Please output the lines from the one with "Charming Silver Ring for Any Occasion" through the end of the data exactly as written, omitting all pictures.

- Dataset extract -
________________________

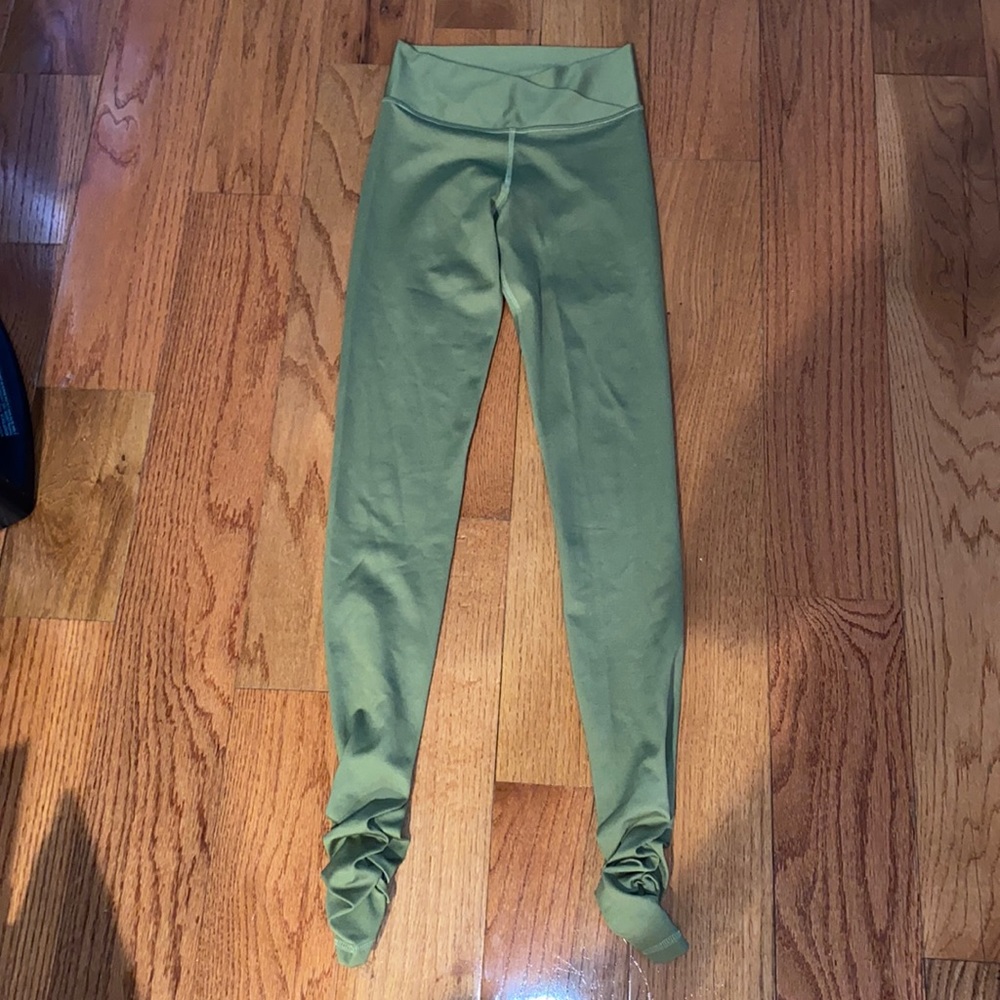 Mika yoga wear leggings. Lime green- ruched ankle. Full length XS/S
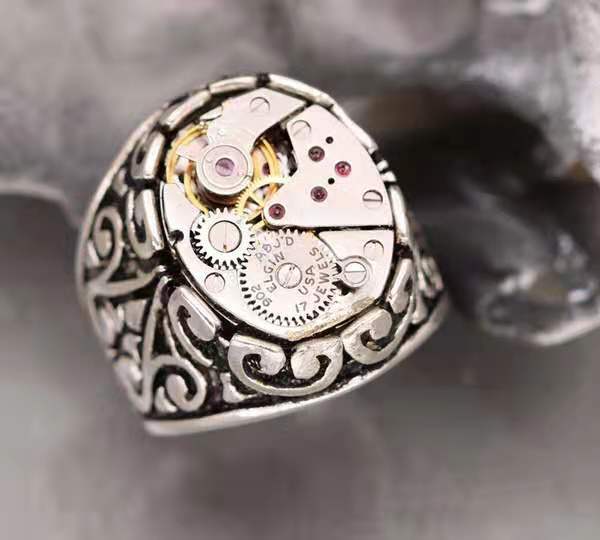 Charming Silver Ring for Any Occasion
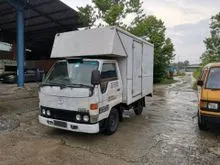 2001 10 Kaki Toyota Dyna Hiace Bonded For Sell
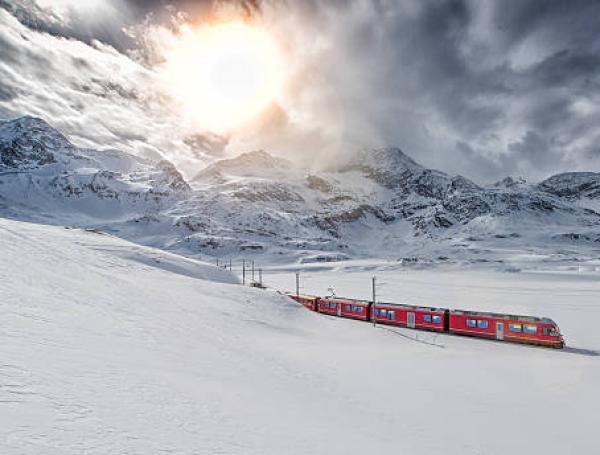 Tren rojo de los Alpes Suizos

________________________

- Final answer -
 Charming Silver Ring for Any Occasion
 2001 10 Kaki Toyota Dyna Hiace Bonded For Sell
 Tren rojo de los Alpes Suizos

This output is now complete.